This story has been updated and corrected.
A new report estimates that a nationwide bottle deposit program would reduce the number of drink containers each American wastes to 67 per year, down from 426 under the status quo.
Meanwhile, a different report found that states with bottle bills have about half as much beverage container litter per capita as states without deposit programs.
The documents come as some of the giant beverage brands, which have historically opposed bottle bills, have become more receptive to deposit programs, depending on how they’re structured.
Ten states and the territory of Guam currently have bottle bills.
Wasted containers estimate
Reloop, a nonprofit group that supports bottle bills, estimated in the “What we waste” report that over 74 billion PET bottles, 50 billion aluminum cans and 15 billion glass bottles were landfilled, burned or littered in the U.S. in 2019. The numbers come out to about 426 containers per person per year.
“This wasteful approach means millions of tonnes of unnecessary climate emissions, substantial unnecessary cleanup costs for city, county and state governments, and ecological effects that will last decades,” Elizabeth Balkan, director of Reloop Americas, stated in a press release. “One worthwhile measure to reduce waste is at hand, though: a nationwide deposit on [beverage] cans and bottles, which forms part of legislative proposals already under consideration. This approach, used already in 10 states and common in Europe, would reduce wasted cans and bottles here by 84%, and it is an option Congress should now be taking very seriously.”
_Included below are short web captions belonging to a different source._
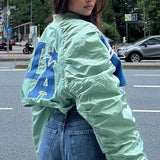 Chaqueta con estampado de letras de estilo urbano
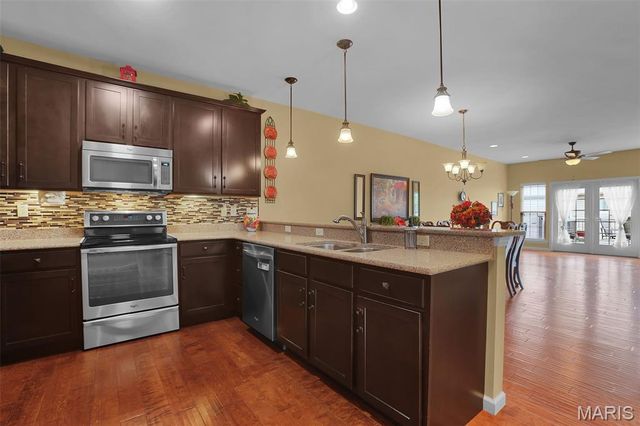 234 Coachgate Lane, Ballwin, MO 63021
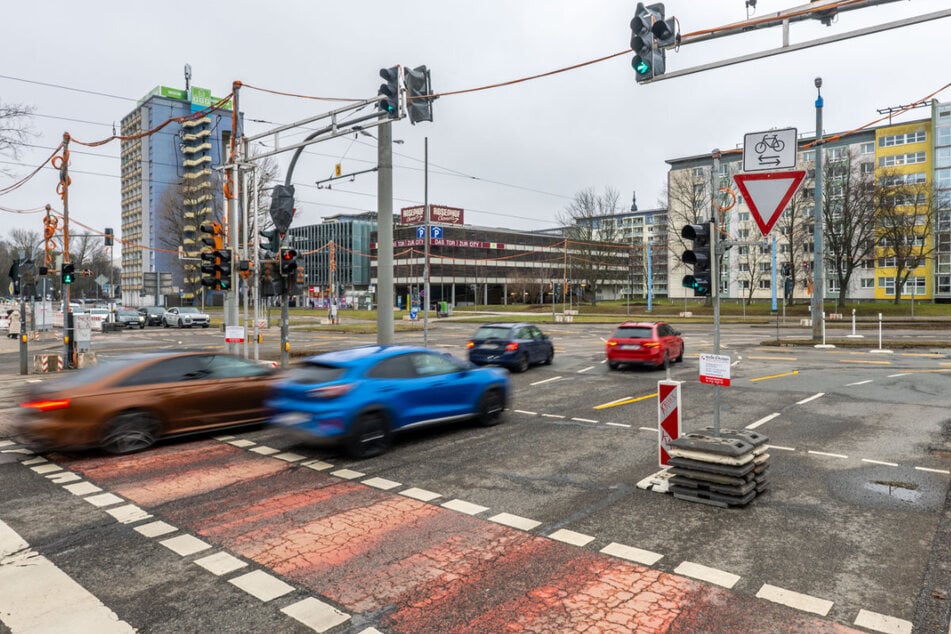 Ab Donnerstag könnt Ihr stadteinwärts nicht mehr von der Zwickauer Straße nach links in die Theaterstraße abbiegen.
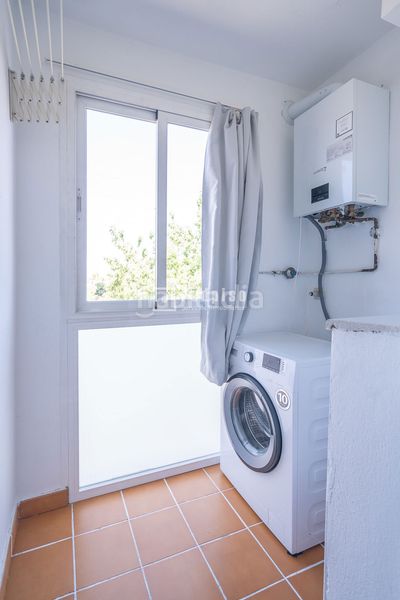 Foto c8514288-a7de-4428-96b4-40b34c31720a. Pis amb calefacció aparcament piscina a Las Castañeras - Bulevar Arroyomolinos
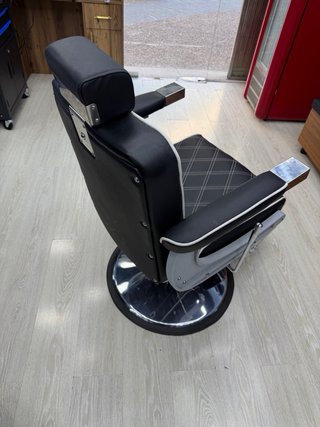 Sillón de barbería profesional hidráulico – Negro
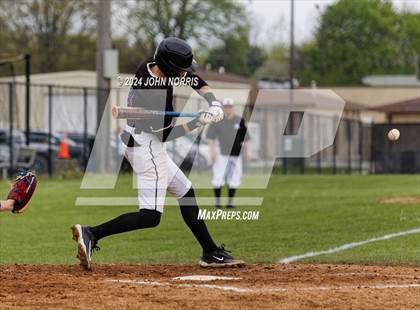 Thumbnail 2 in Fort Wayne Blackhawk Christian @ Leo photogallery.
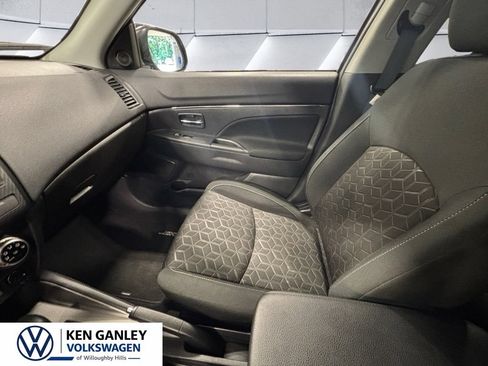 Used 2025 Mitsubishi Outlander Sport ES AWD/4WD image 21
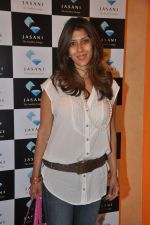 at  dassani jewellery preview in Mumbai on 11th Oct 2013 (43)_525965fe5f931.JPG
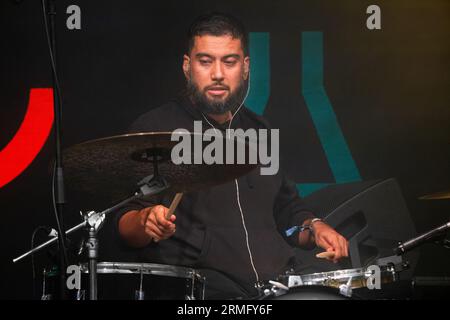 Hamir Atwal suona la batteria con Salami Rose Joe Louis al Green Man Festival in Galles, Regno Unito, agosto 2023. Foto: Rob Watkins Foto Stock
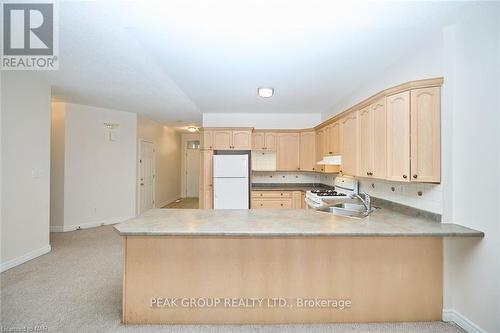 15 - 5200 Dorchester Road, Niagara Falls (212 - Morrison), ON - Indoor Photo Showing Kitchen With Double Sink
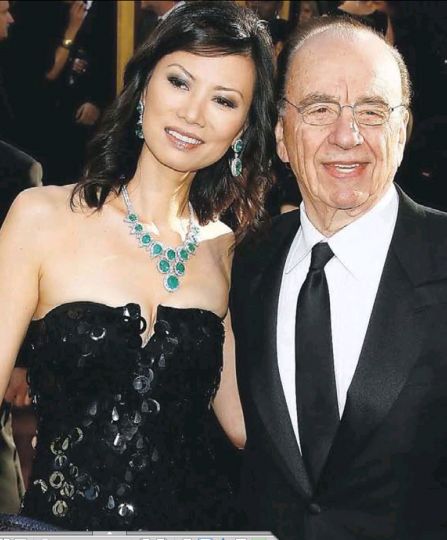 Guardian. Il n’y a plus d’amour chez les Murdoch. Ils divorcent, Wendi quitte Rupert …     photo Kevin Winter/Getty.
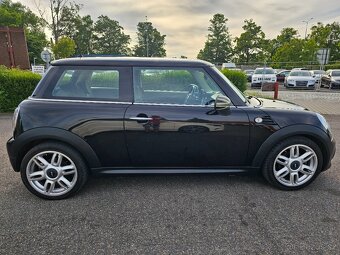 MINI COOPER ONE 2013 1.6i 72kW,TEMPOMAT,KLIMA,SERVISKA - 4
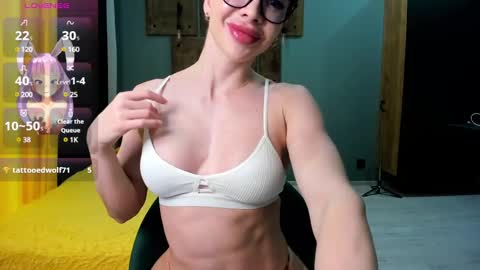 Snapshot of bellaburn chatting on 12.22.24 Bella online show from 12.22.24
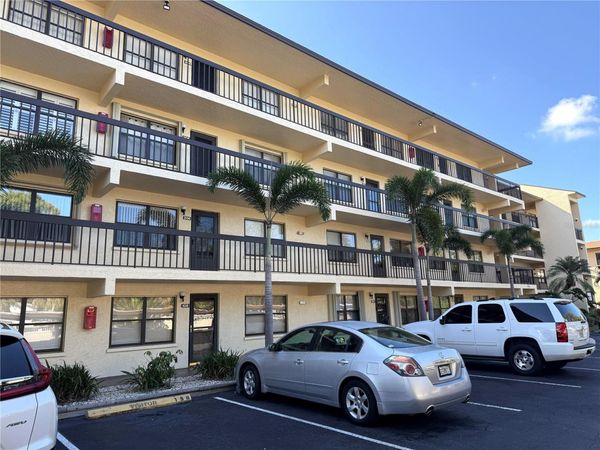 315 30TH AVENUE W, Unit B305, BRADENTON, FL 34205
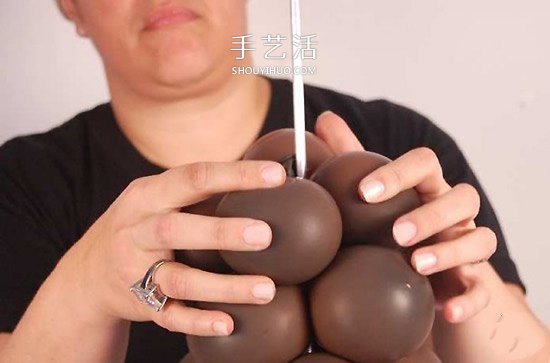 氣球造型大樹手工制作 植樹節(jié)用氣球做大樹 -  itrip.net.cn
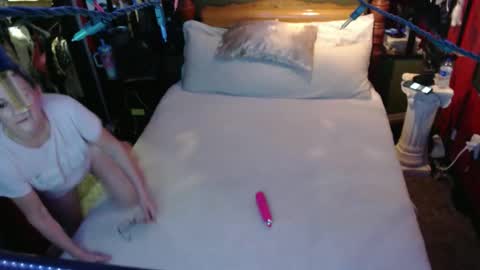 love2shareletsplay online show from 02.22.26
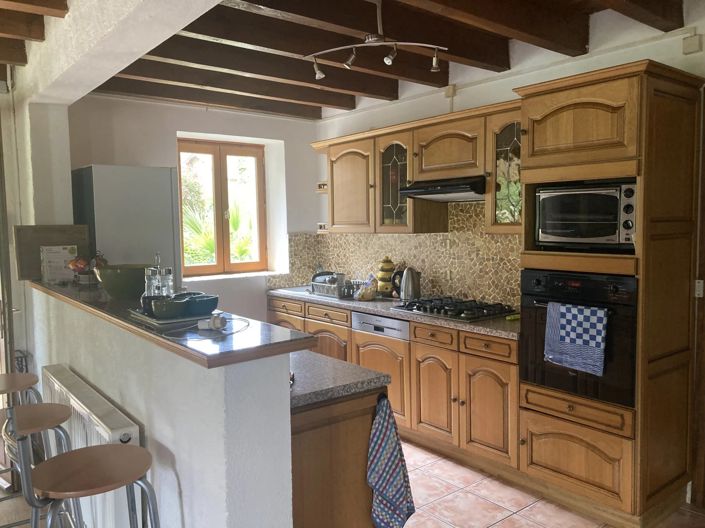 Image No.10-4 Bed House for sale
A national bottle bill is included in legislation that was introduced in Congress in March.
According to Reloop, a high-performing U.S. bill that achieves redemption rates of around 90% – such as those in Oregon and Michigan – would cut U.S. drink container waste down to 22 billion containers per year, or about 67 per person.
Reloop cautioned that its estimates are likely undercounts, as well. The sales dataset didn’t include wine, spirits, milk, pouches or cartons. Also, the glass recycling rate number came from EPA’s 2017 number, which the Container Recycling Institute thinks is an overestimate, according to Reloop.
Keep America Beautiful-funded study
Earlier this month, Keep America Beautiful (KAB), a national nonprofit group, posted some data points from a comprehensive report about litter. Within the document, which was prepared by Burns & McDonnell, is an estimate that states without container deposits have about twice as much beverage container litter as bottle-bill states. A survey found that bottle-bill states had about four littered deposit containers per capita, compared with eight for non-deposit states.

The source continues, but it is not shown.